The museum also contains a museum store with a wide selection of books, gifts, jewelry, prints of works from the museum collection, and original works by regional artists. The library offers a large collection of art reference materials.
A limited number of wheelchairs are available for use on a first-come, first-served basis at no cost. Large items, including backpacks, tripods, and umbrellas are not allowed in the galleries and can be left in the checkroom. Complimentary wireless internet access is available.
Crystal Bridges has a lobby coffee bar; its restaurant, Eleven, offers lunch service daily and dinner on Wednesdays and Fridays. Reservations for dinner are recommended. Admission to the museum is free. Plan a trip by visiting www.crystalbridges.org or by calling 479-418-5700 for more information.
In the area
Bentonville may be considered a small community, but it is also the world headquarters for a major corporation, Walmart. Neighboring cities are anchored by Tyson Foods, J.B. Hunt and the University of Arkansas flagship campus. The area, sometimes referred to as the I-540 corridor, is well equipped for travelers with XNA airport, and numerous hotels, more of which are on the way.

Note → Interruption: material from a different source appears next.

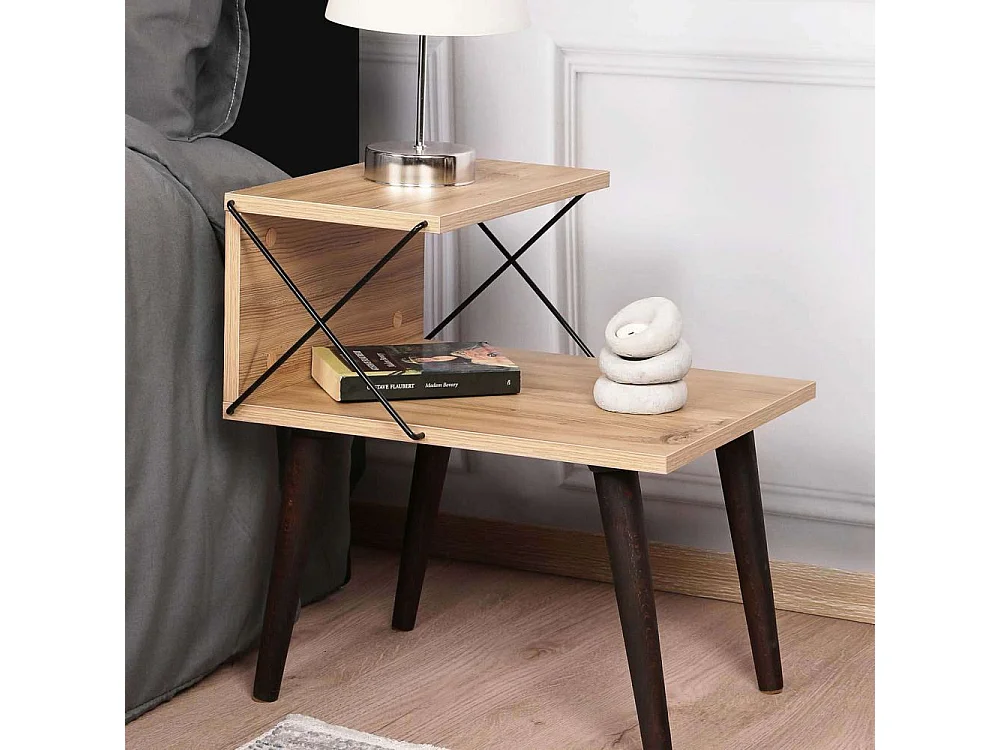 Chevet en aggloméré et métal Cross (Lot de 2)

Travelers can also visit the Walmart Visitor Center, located in Sam Walton’s original Bentonville variety store. Newly expanded and renovated, it contains exhibits tracing the origin and growth of Walmart stores and a coffee shop.
Visitors can enjoy national touring acts and performances at the Walton Arts Center in Fayetteville. Located in the city’s entertainment district, it anchors popular Dickson Street lined with shops, restaurants, bars, and live music venues.

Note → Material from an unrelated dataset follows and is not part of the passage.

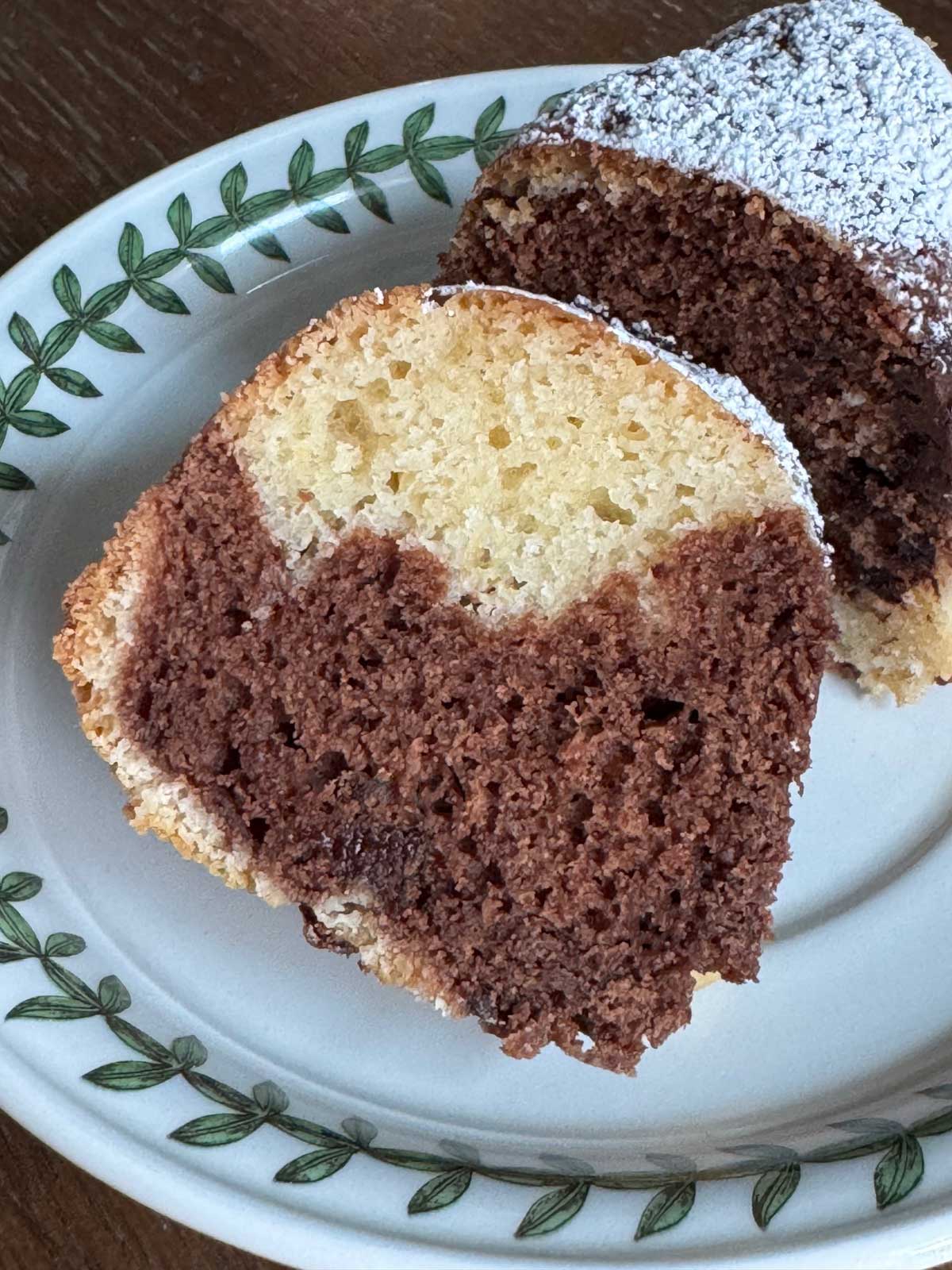 Slice of Moist Sour Cream Marble Cake inspired by a recipe in The Settlement Cookbook.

Springdale is home to the Northwest Arkansas Naturals, a minor league baseball team based at the new Arvest Ballpark. The team is a member of the Texas League and serves as the Double-A affiliate for the Kansas City Royals.
Rogers is known for its historic downtown Main Street, the Daisy Airgun Museum, restaurants, and upscale shopping malls.
Outdoor opportunities in the region include significant hiking and biking trails, and fishing and water sports on lakes and rivers.